# [Entries provided]
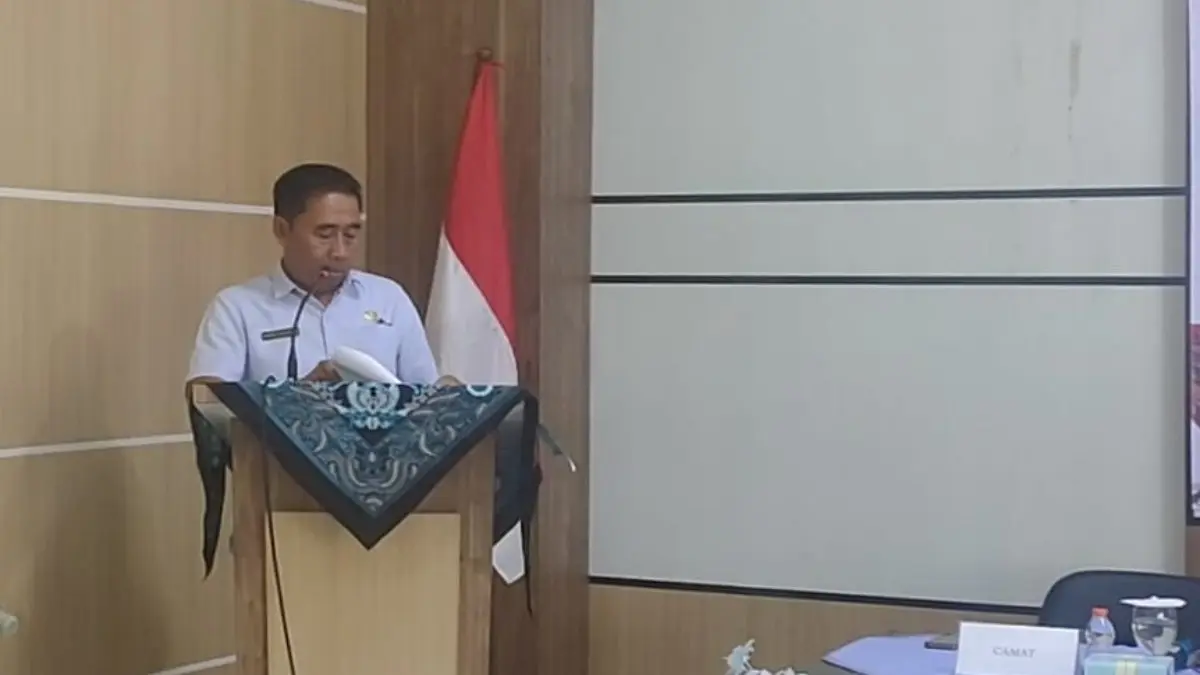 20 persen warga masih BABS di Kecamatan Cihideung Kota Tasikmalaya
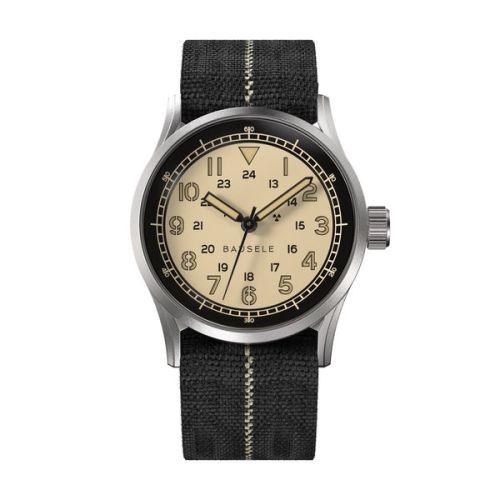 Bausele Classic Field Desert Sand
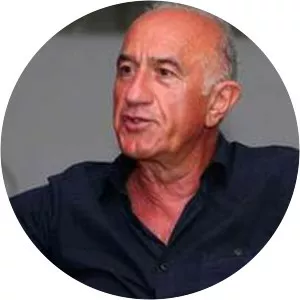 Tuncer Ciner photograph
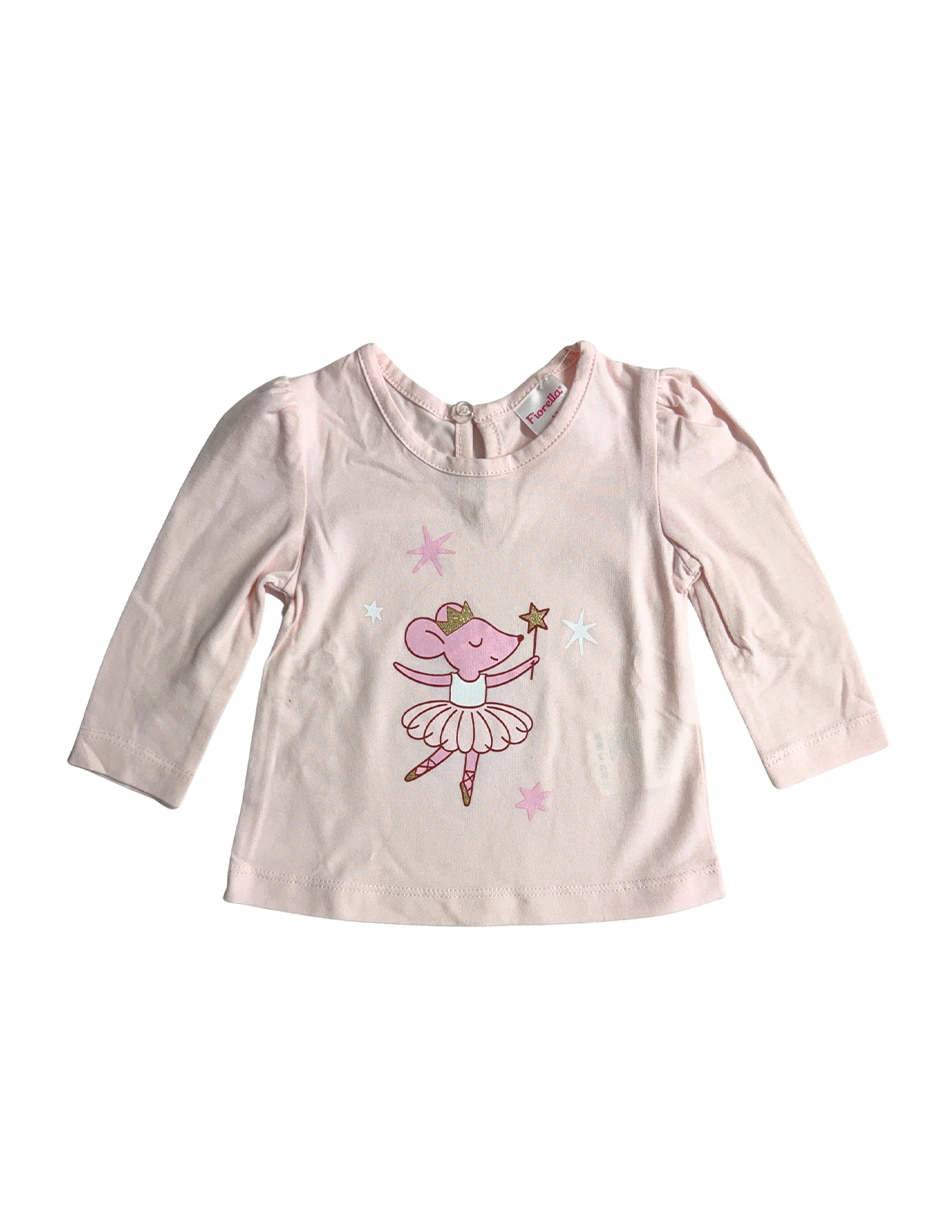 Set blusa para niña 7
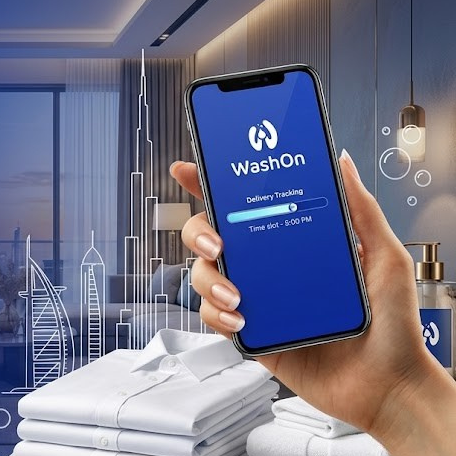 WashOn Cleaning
--
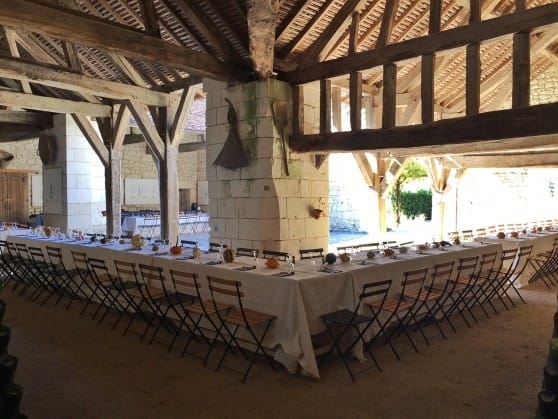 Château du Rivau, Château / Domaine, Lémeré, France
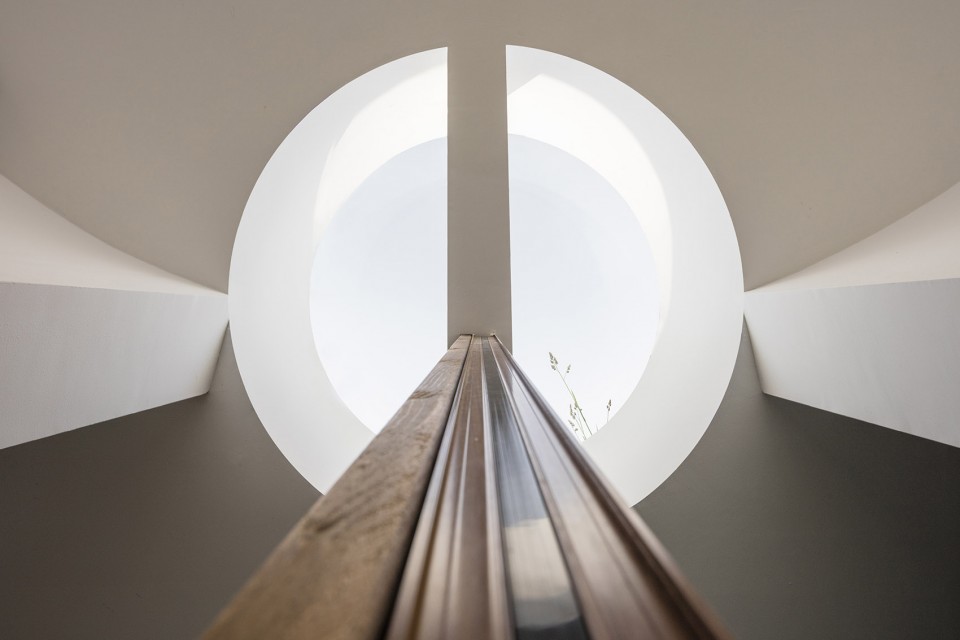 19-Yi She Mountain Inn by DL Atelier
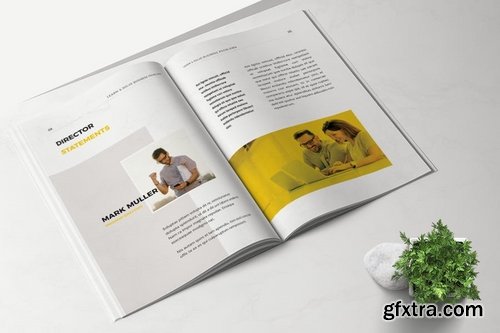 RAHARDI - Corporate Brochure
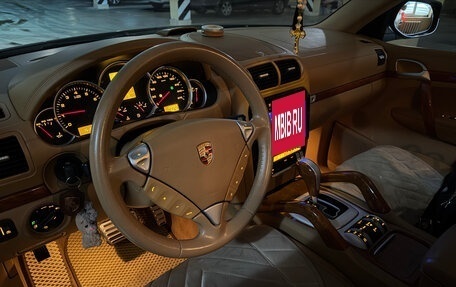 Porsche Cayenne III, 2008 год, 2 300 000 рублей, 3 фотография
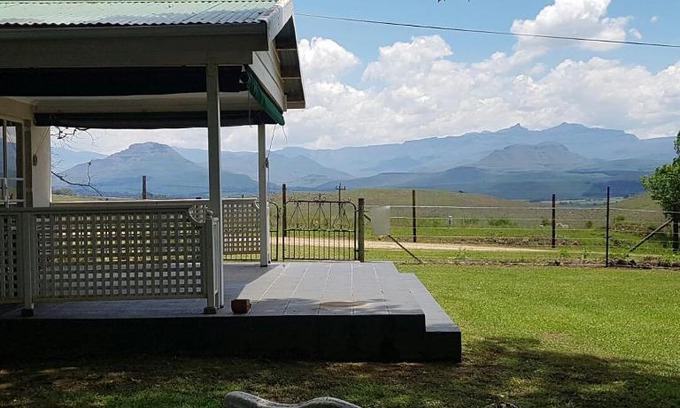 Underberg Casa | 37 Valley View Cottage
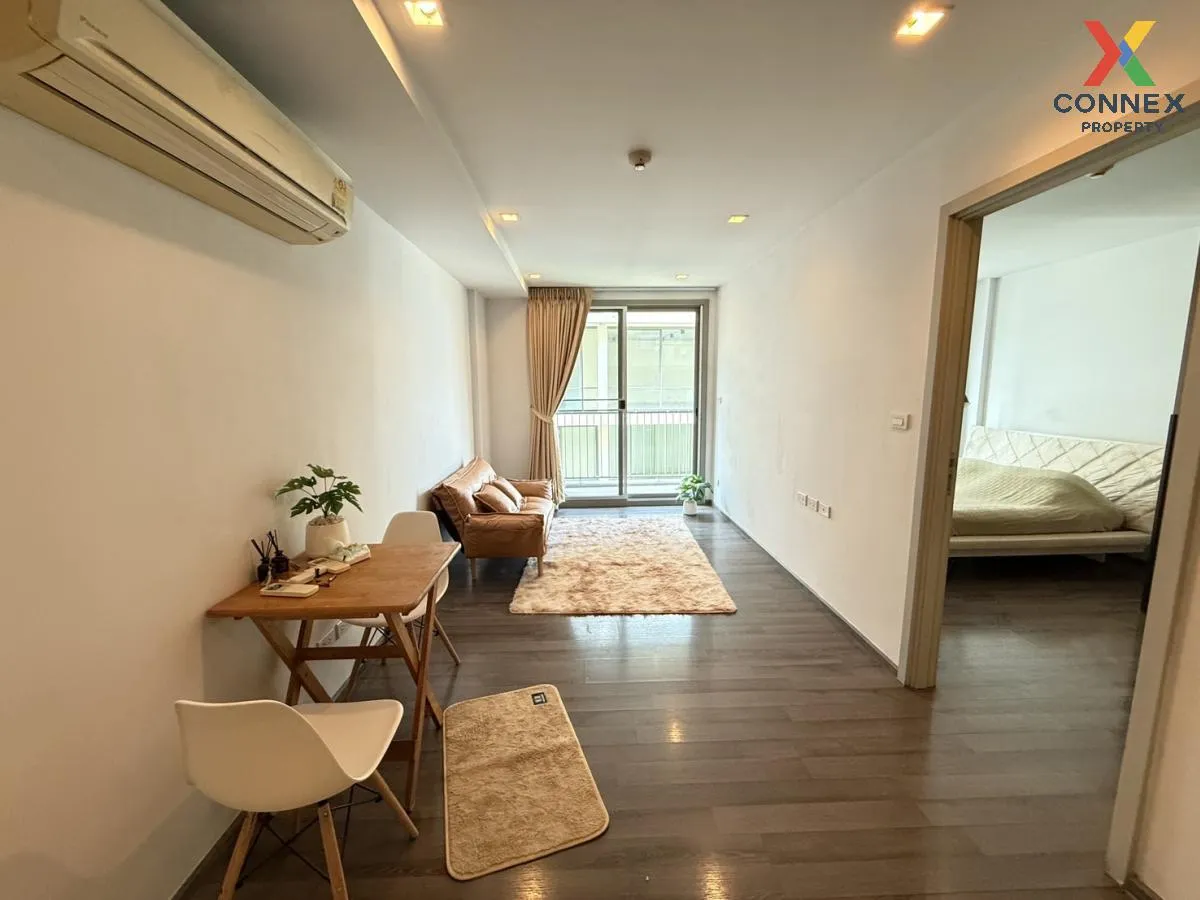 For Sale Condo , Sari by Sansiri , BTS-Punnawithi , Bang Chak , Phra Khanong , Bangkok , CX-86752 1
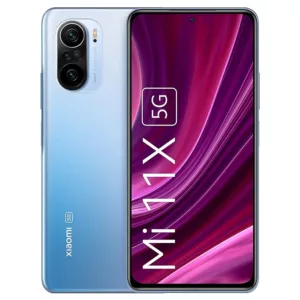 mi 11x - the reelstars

# [Action item]
What is wanted is an exact copy of the lines above from the one containing "RAHARDI - Corporate Brochure" through the one containing "For Sale Condo", with no pictures in it.

# [Solution to this problem]
 RAHARDI - Corporate Brochure
 Porsche Cayenne III, 2008 год, 2 300 000 рублей, 3 фотография
 Underberg Casa | 37 Valley View Cottage
 For Sale Condo , Sari by Sansiri , BTS-Punnawithi , Bang Chak , Phra Khanong , Bangkok , CX-86752 1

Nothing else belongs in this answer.